Now that we have covered the basics of table saws and circular saws, it’s time to compare and contrast them.
One of the most significant differences between table saws and circular saws is portability. Table saws are much larger and heavier than circular saws, making them difficult to transport. On the other hand, circular saws are much more compact and lightweight, making them easy to carry with you wherever you go.
For example, I use a table saw in my workshop to cut plywood to its required size, whereas I use a circular saw in my driveway to break down plywood to a smaller size so I can bring it to my workshop.
Ease of Use
Table saws are ready to go right out of the box and generally are easier to use than circular saws.
This is because table saws have a rip fence, making it easier to make long, straight cuts. You can also make repeatable cuts with a rip fence, meaning you set the fence once and make identical cuts on multiple pieces of wood.
Circular saws, on the other hand, require you to guide them along the line you wish to cut. Using a circular saw freehand can be difficult and usually takes some practice and skill to get the hang of it.
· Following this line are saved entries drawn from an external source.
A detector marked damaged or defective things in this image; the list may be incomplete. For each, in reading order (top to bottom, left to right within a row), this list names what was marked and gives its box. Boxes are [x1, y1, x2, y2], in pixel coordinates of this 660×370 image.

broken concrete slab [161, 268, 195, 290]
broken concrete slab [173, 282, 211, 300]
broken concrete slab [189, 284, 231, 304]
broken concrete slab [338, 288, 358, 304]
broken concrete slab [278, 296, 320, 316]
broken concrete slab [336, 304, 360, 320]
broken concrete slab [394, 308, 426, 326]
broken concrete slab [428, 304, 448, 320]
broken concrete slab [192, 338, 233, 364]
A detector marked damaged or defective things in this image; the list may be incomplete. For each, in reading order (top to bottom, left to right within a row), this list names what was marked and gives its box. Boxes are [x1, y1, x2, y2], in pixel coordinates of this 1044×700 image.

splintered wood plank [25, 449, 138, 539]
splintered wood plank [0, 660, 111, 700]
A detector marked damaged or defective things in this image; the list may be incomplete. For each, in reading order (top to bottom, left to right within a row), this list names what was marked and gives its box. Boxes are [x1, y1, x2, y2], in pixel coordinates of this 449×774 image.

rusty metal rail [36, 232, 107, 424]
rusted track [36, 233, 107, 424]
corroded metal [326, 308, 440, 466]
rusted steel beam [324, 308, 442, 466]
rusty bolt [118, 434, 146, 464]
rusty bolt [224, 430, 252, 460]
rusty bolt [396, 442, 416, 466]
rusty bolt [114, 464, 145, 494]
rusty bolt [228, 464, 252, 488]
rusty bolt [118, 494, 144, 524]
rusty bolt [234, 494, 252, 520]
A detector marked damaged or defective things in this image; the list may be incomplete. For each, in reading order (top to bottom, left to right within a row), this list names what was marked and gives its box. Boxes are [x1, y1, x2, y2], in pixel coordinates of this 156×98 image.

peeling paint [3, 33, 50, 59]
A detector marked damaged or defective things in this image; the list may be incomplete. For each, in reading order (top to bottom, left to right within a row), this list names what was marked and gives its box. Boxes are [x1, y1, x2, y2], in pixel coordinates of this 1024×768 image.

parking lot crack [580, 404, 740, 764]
You can use an optional straightedge with a circular saw, making them easier to use.
Circular saws have a slight advantage over table saws when it comes to versatility.
Table saws are limited to making rip cuts, crosscuts, bevel, and miter cuts in materials such as wood and plywood.
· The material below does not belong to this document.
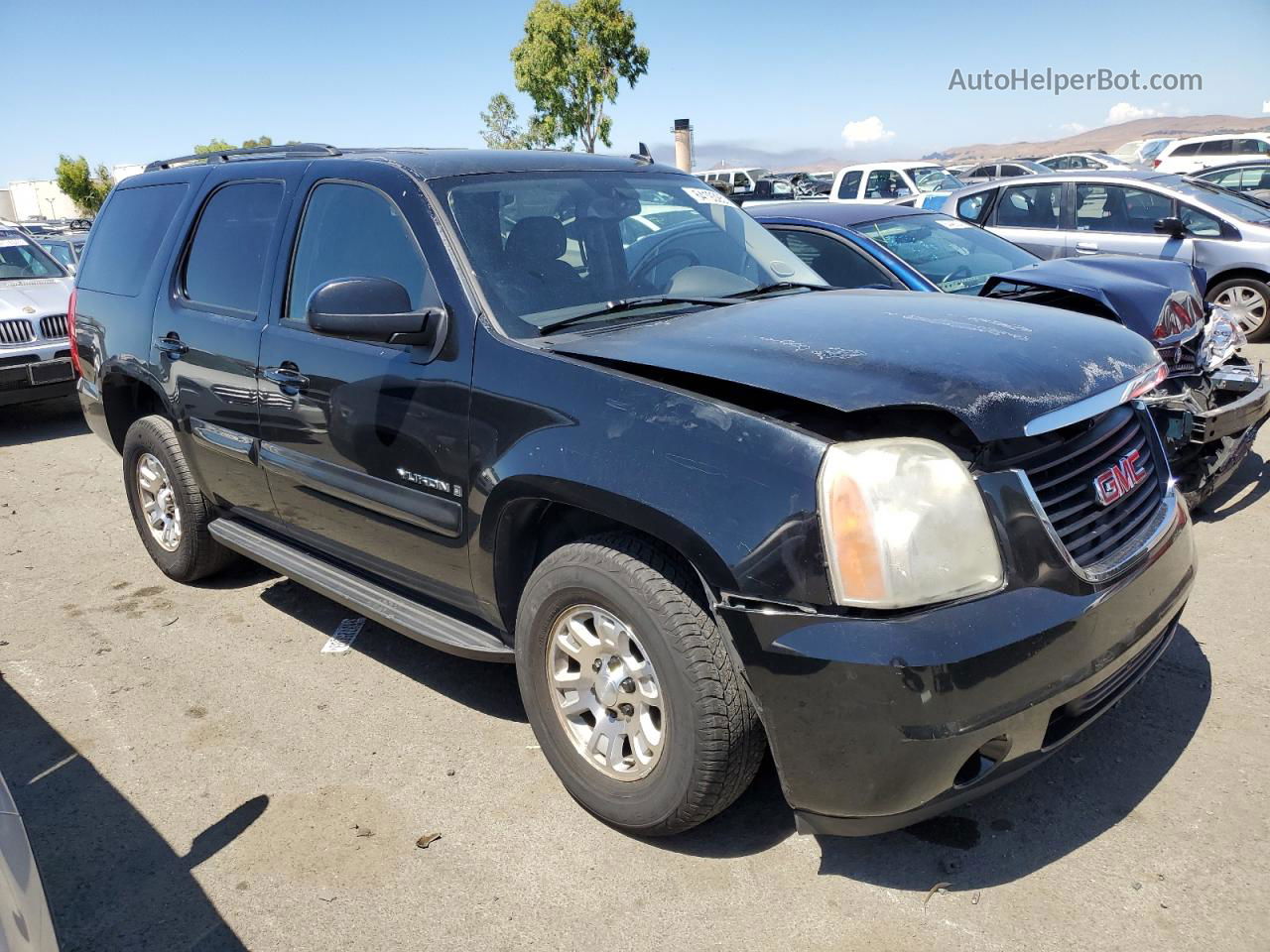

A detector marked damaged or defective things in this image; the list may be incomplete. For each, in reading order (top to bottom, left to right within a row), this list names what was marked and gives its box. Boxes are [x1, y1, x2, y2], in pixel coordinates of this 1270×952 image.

crashed car front end [980, 254, 1270, 508]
Circular saws, on the other hand, can make all of those same cuts, plus they can make compound cuts and plunge cuts. In addition to wood and plywood, with the right blade, circular saws can also cut through metal, tile, brick, and concrete.
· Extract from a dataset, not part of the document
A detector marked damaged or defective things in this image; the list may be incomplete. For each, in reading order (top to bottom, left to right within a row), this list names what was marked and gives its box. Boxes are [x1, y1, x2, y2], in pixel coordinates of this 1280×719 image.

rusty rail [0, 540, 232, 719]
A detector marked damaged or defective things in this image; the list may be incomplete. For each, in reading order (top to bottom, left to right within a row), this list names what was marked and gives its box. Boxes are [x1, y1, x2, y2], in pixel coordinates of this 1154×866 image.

When it comes to precision, table saws are the clear winner. Thanks to their rip fence, table saws can make long, straight cuts with ease. Circular saws don’t have a rip fence, but you can use an optional straightedge or accessories to improve their accuracy.
Table saws can be very dangerous if they’re not used properly. Circular saws can also be dangerous, but they’re generally considered safer than table saws.
If you’re using either type of saw, it’s important that you read the instructions carefully and take the necessary safety precautions.
Table saws are larger than circular saws, and as a result, they generally cost more. You can usually find basic table saws for less than 200, whereas basic circular saws are usually less than 50.
Which is the Right Saw for You?
Now that you know the difference between table saws and circular saws, which one is the right choice for you?
Table saws are great for making long, straight cuts in wood and plywood. If you need to make a lot of identical cuts, table saws are also an excellent choice.
Circular saws are more versatile because they can make compound cuts, plunge cuts, and cut other materials such as metal and concrete that table saws can’t. Circular saws may be used either freehand or with optional accessories or a straightedge. However, table saws are generally more precise than circular saws.
That said, many times, you’ll want both a table saw, and a circular saw. It can be dangerous to cut full sheets, or large pieces of plywood on a table saw. I frequently use a circular saw to break down plywood into more manageable-sized pieces and then cut those pieces to the required size with my table saw.
When it comes to safety, table saws can be very dangerous if they’re not used properly. Circular saws can also be dangerous, but they’re generally considered safer than table saws.
If you’re just starting out, or if you’re on a budget, a circular saw is a great choice. If you have the money and the space, though, a table saw is worth the investment. Either way, it’s important to consider the projects you want to accomplish and choose the saw that’s best for your needs.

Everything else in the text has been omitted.